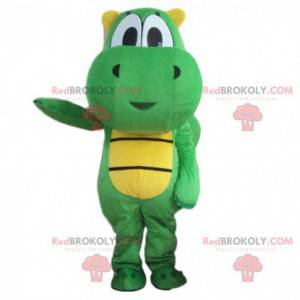 Mascotte de dragon vert et jaune, costume de dinosaure vert -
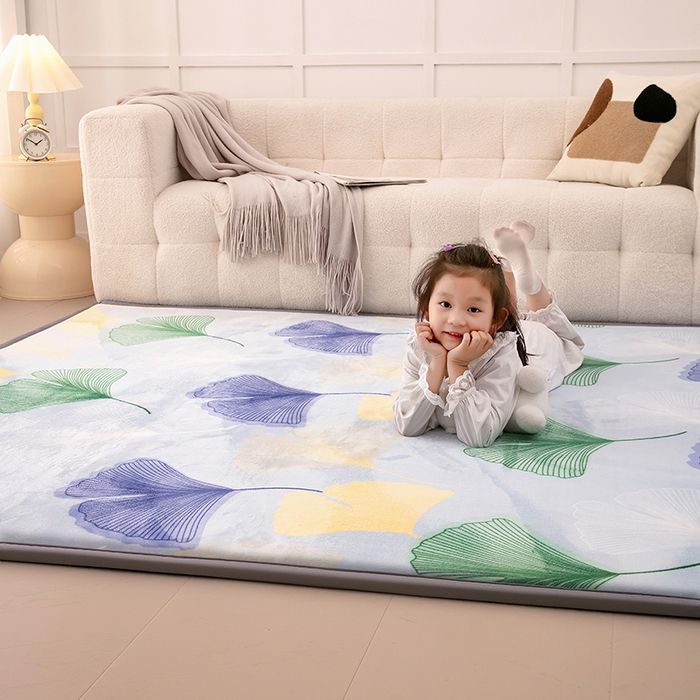 91家纺网 家纺一手货源 找家纺 北辰 2025新款凉席多功能地垫床垫床边垫打地铺神器 牛奶绒地垫-银杏翩翩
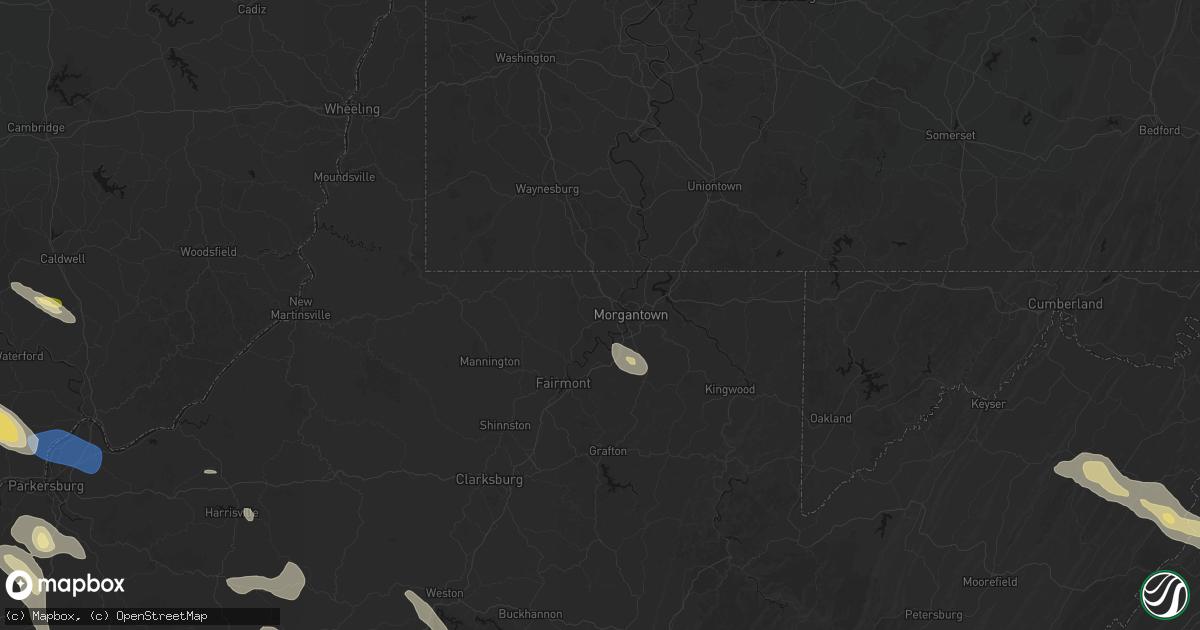 Hail map in Morgantown, WV on September 4, 2026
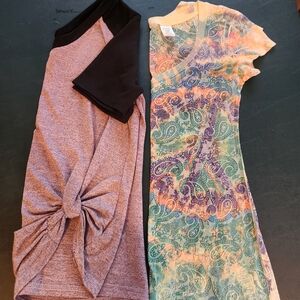 Black and Gray Knot Top and Paisley Dress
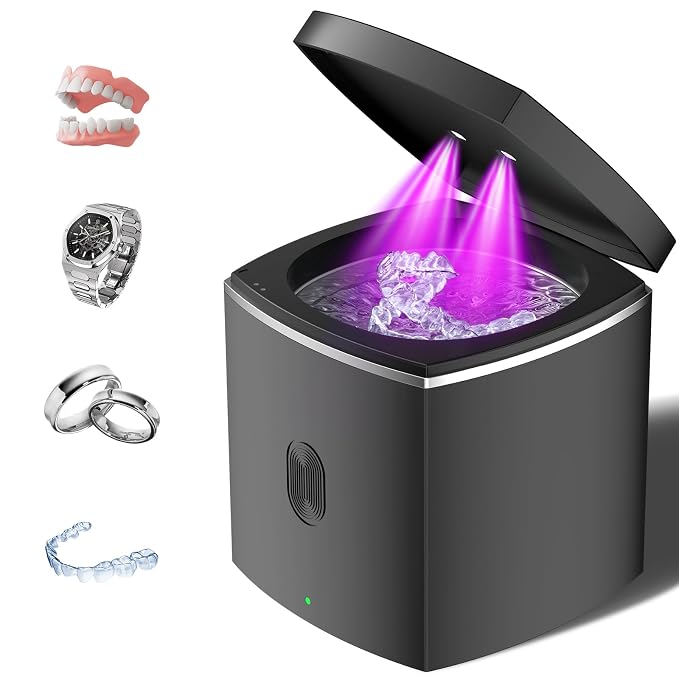 Ultrasonic Retainer Cleaner for Dentures - Sonic Denture Cleaner Machine for Mouth Guard Retainer Washer Sliver Jewelry Ring Brace Toothbrush Head Jewelry 43kHz Dental Tools Black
________________________________________
Copy the records exactly; no image should appear in the result.

*Task answer:*
 Mascotte de dragon vert et jaune, costume de dinosaure vert -
 91家纺网 家纺一手货源 找家纺 北辰 2025新款凉席多功能地垫床垫床边垫打地铺神器 牛奶绒地垫-银杏翩翩
 Hail map in Morgantown, WV on September 4, 2026
 Black and Gray Knot Top and Paisley Dress
 Ultrasonic Retainer Cleaner for Dentures - Sonic Denture Cleaner Machine for Mouth Guard Retainer Washer Sliver Jewelry Ring Brace Toothbrush Head Jewelry 43kHz Dental Tools Black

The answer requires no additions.